Our evaluation of SHAP and CFC methods was performed on a wide array of datasets, including those from the Penn Machine Learning Benchmark and the UCI Machine Learning Repository. This comprehensive evaluation demonstrates the robustness of these methods across different types of prediction tasks, whether classification or regression.
Consistent CFC Valuesas Approximation of SHAP Values for Randomized Tree Ensembles
Takeaways of Figure 3 in the Paper

- Left Panel (CFC/Saabas Values):
It shows that the CFC method tends to assign much lower importance to features that are closer to the root of a single tree. This results in an inconsistent attribution where even equally relevant features are given unequal credit.
- Right Panel (SHAP Values):
In contrast, Tree SHAP distributes credit more evenly among all features involved in the AND function. This consistency highlights the advantage of SHAP in providing fair local explanations.
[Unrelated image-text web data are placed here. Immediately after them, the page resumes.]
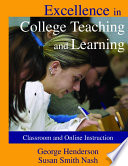 Excellence in college teaching and learning : classroom and online instruction
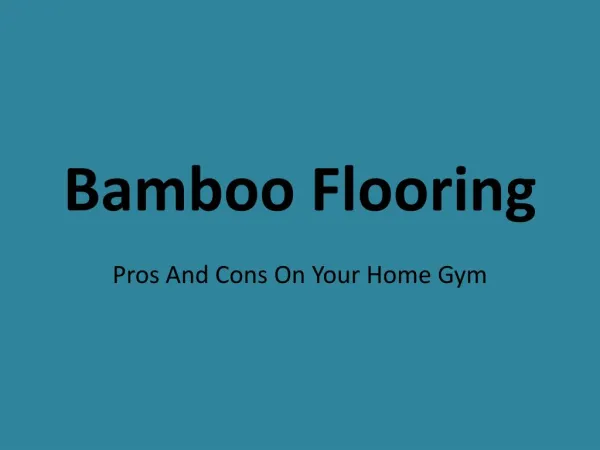 Bamboo Flooring: Pros And Cons On Your Home Gym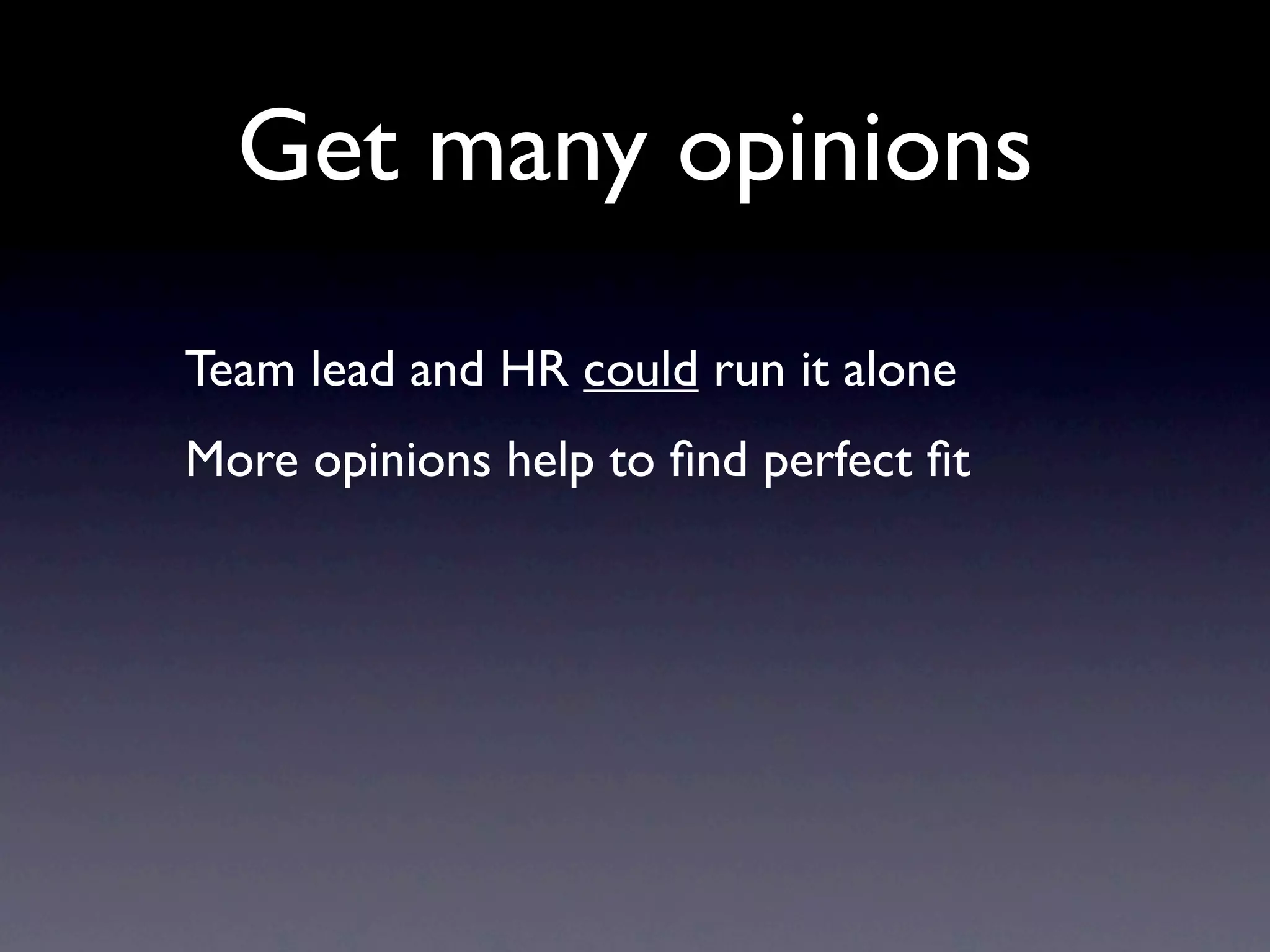 Get many opinions
Team lead and HR could run it alone
More opinions help to ﬁnd perfect ﬁt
Takeaways of Figure 4 in the Paper

In the ensemble setting, the discrepancies observed in Figure 3 between CFC and SHAP are markedly reduced. The inherent randomness and averaging across trees in the ensemble largely neutralize the bias of CFCs, causing the inconsistency in attributing feature importance (based on tree depth) to almost disappear.
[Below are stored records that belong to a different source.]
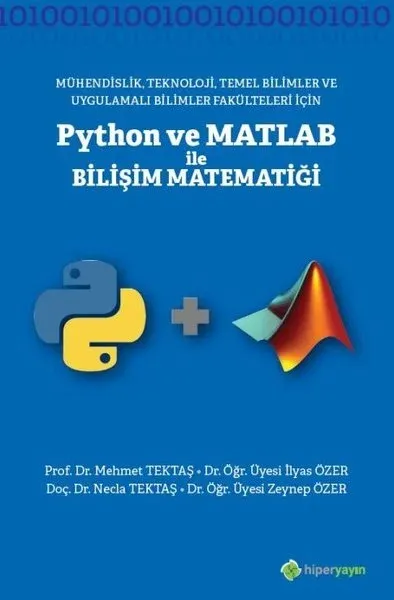 Mühendislik Teknoloji Temel Bilimler ve Uygulamalı Bilimler Fakülteleri İçin Python ve Matlab ile Bilişi Matematiği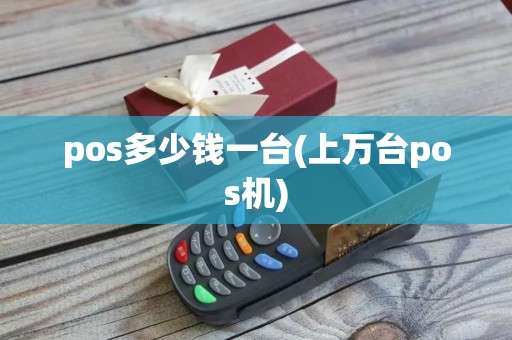 pos多少钱一台(上万台pos机)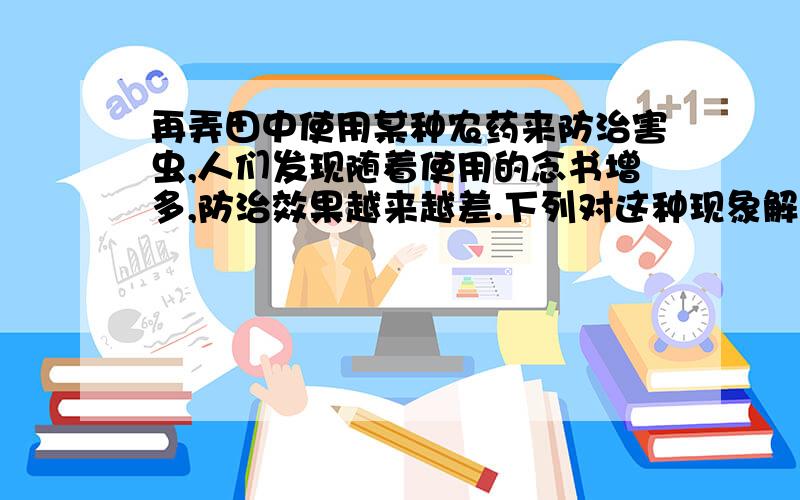 再弄田中使用某种农药来防治害虫,人们发现随着使用的念书增多,防治效果越来越差.下列对这种现象解释中,正确的是（）A.略B.农药选择了害虫中能抵抗农药的变异C.害虫会自然方生并巩固抵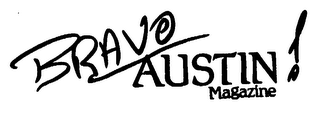BRAVO AUSTIN! MAGAZINE logo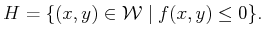 $\displaystyle H = \{ (x,y) \in {\cal W}\;\vert\; f(x,y) \leq 0 \} .$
Takeaways of Figure 7 in the Paper

- Left Panel (Random Forests):
It shows that the global importance scores calculated via both methods are highly correlated with the model loss across various classification datasets, indicating that they effectively capture the predictive information.
- Right Panel (XGBoost):
Similarly, for XGBoost, the correlations are nearly identical—though this panel excludes regression tasks. This consistency suggests that the simpler CFC scores are, on a global level, as reliable as SHAP values for estimating the predictive power of feature subsets.
Conclusion
In summary, this blog reviewed two popular explainable scoring methods for ML models—SHAP values and Conditional Feature Contributions (CFCs). While SHAP provides strong theoretical underpinnings and consistent local explanations by averaging feature contributions over all orderings, it can be computationally heavy for high-dimensional data. CFCs, on the other hand, offer an efficient and intuitive alternative based on the tree’s decision path; however, they may suffer from local biases in single trees. Fortunately, when applied to randomized tree ensembles, these local inconsistencies diminish, and global CFC scores become nearly indistinguishable from SHAP values. This finding underscores the potential of using computationally efficient methods like CFC as reliable approximations for large-scale, production-level interpretability without compromising accuracy.
By integrating these approaches, researchers and practitioners can achieve transparent and reliable explanations, fostering trust in machine learning models across various applications.